En Asie, la principale préoccupation du président américain sera de contrer la Chine qui est considérée comme la première puissance adversaire des États-Unis, surtout concernant l’ile de Taïwan que la Chine veut annexer. Il va renforcer les traités concernant l’Indo-pacifique pour rassurer les alliés asiatiques, notamment la Corée du Sud et le Japon. L’Afrique était absente des débats de la campagne présidentielle.
D’autre part, pendant son premier mandat, Donald Trump n’a visité aucun pays africain. Pendant son second mandat, il risque de diminuer les subventions de santé aux pays africains qui pratiquent l’avortement. Mais c’est surtout sur le plan économique que la position de Donald Trump sera dévoilée.
En effet l’AGOA (African Growth and Opportunity Act) va arriver à échéance en 2025. Il s’agit d’une loi bipartisane votée par le Congrès américain en 2000, qui vise à ouvrir le marché américain à des produits exportés par des pays africains en exonération des droits de douane. Au total plus de 6000 produits africains en bénéficient.
En ce qui concerne le Maroc, la réélection de Donald Trump est favorable. C’est en effet lui qui a reconnu en décembre 2020 la marocanité du Sahara dans le cadre des Accords d’Abraham. Il avait promis d’ouvrir un consulat général américain dans les provinces du Sud.
Cette promesse n’a pas été tenue par l’Administration Biden. Il faut espérer que le retour au pouvoir de Donald Trump va permettre de respecter cette promesse. Un autre problème risque de se poser dans les relations commerciales entre le Maroc et les États-Unis. En effet, le président américain compte appliquer des droits de douane à tous les produits importés par les États-Unis. Cela peut impacter nos exportations de phosphates aux États-Unis, ainsi que les batteries produites au Maroc par des sociétés chinoises.
Cette éventuelle imposition de droits de douane aux exportations marocaines est contraire à l’Accord de libre-échange entre les deux pays et qui est entré en vigueur le 1er janvier 2006. Quant à l’Amérique latine, la nomination de Marco Rubio en tant que secrétaire d’État, fermement conservateur et anti-communiste, pourrait avoir des répercussions négatives vis-à-vis du Venezuela, du Nicaragua, de Cuba, et du Brésil.

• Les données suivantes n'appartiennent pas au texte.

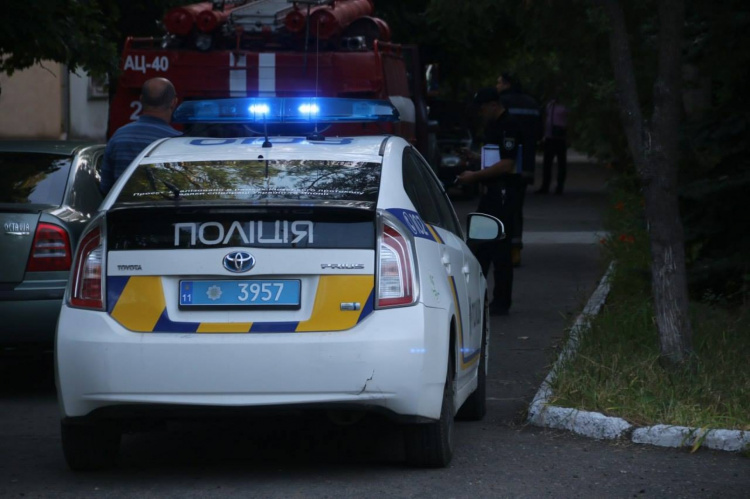Семеро полицейских получили ранения при взрыве в Мариуполе (ФОТО)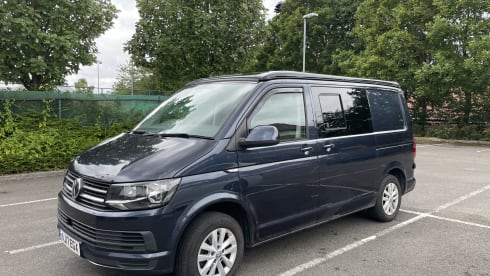 Jeeves – “Jeeves” 4 berth Volkswagen campervan from 2017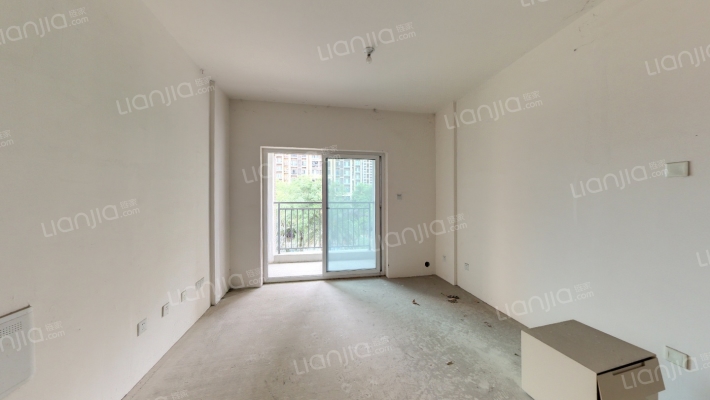 缤纷翡翠湾二期二手房实景图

Au contraire, elles se renforceront vis-à-vis de l’Argentine, et impacteront le Mexique du fait de l’augmentation des droits de douane, et plusieurs pays d’Amérique latine et des Caraïbes du fait de l’expulsion des immigrés illégaux. L’investiture de Donald Trump le 20 janvier 2025 a eu lieu en présence des milliardaires : Elon Musk (Tesla), Jeff Bezos (Amazon) et Marc Zuckenberg (Meta), ainsi que des invités connus pour leur populisme : Georgio Melonni (Italie), Victor Orban (Hongrie), Eric Zemmour, Sarah Knafo, et Marion Maréchal, Javier Milei (Argentine).
En conclusion, on peut qualifier la politique étrangère de Donald Trump de nationaliste et unilatéraliste, centrée sur les deux slogans «America First» et «Make America Great Again». La plupart des pays manifestent leur grande inquiétude vis-à-vis des quatre prochaines années de la présidence Trump.